The fact that the two molded pieces (hull and liner) are still in their molds when the they are combined together makes it rather mysterious how the hold this beautiful, precise edge line between them at the transom.
I would love to hear how they get that result.
I think it is truly a detail that is part of the classic Boston Whaler boat "look."
posted 02-26-2003 09:39 PM ET (US)
I don't know why it was done, maybe it was just to show the robust construction. But on the issue of delamination, I don't believe that the "exposed" edge is a problem in itself. I've examined (and owned!) a number of old 16's that have come apart at this seam and it was clear that the solid wood blocks in the transom had been exposed to water that had penetrated the hull. The blocks expand and push apart this seam. The wood can expand so much that the outline of the blocks (as well as the bigger transom block) can be clearly discerned on the surface of the glass.
My theory, keep the transom dry and the seam will not fail.
posted 02-26-2003 09:57 PM ET (US)
Interesting feeback. I consider my self a new comer to both boats and Whalers as I have now owned my first boat since 5/18/02. I am also pleased that my first purchase was a Whaler.
Along with the ownership and this great site has come a lot of concern about water intrusion. Once again I am relieved to get good information.
posted 02-26-2003 10:08 PM ET (US)
I was told at the factory tour they do that to show and prove the integrity of the hull deck bond. It is done by grinding.

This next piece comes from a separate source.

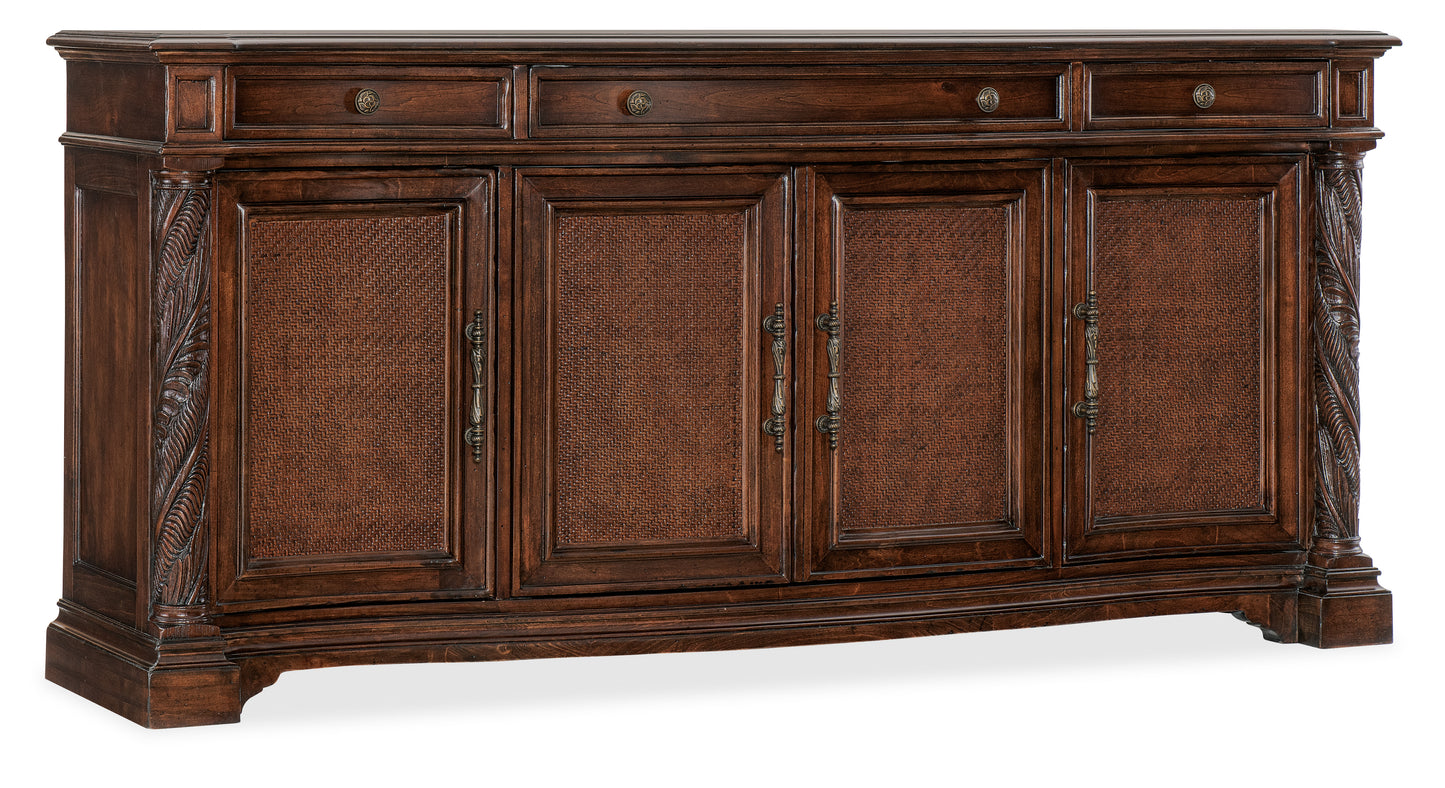 Charleston Four Door-Three Drawer Buffet.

posted 02-27-2003 10:02 AM ET (US)
This is called the 'Green Line' by BW. It is the interface where the two hull halves are bonded together. I don't think BW thought there would be a problem by not gel coating the area. The exposed edges are simply ground down fair and left. Any delams there can be serious. I have talked to several dealers and the older experienced ones will tell you that it is very important to apply a sealer there.
I have fixed several 15s as well as several of the 17 hulls that were delamimated and it will allow water to ingress to the wood transom..
As Professor Peter Stein (U Arizona) once told me "If you don't test it, nature will".
posted 02-27-2003 10:07 AM ET (US)
Here we go again....delamination at the green line is VERY common and not an issue as long as the spread area is filled to keep water out. Don't start spreading rumors that if the green line is not tight...yada yada.
posted 02-27-2003 08:16 PM ET (US)
What can be used to seal this area?
posted 02-27-2003 08:46 PM ET (US)
Boat life caulk can be used. It stays flexible and provides a waterproof seal.
posted 02-27-2003 09:58 PM ET (US)
Cool! Up until now, I thought the previous owners had dragged a lot of crap over the transom. Now I know I am normal. Well, at least the Montauk is.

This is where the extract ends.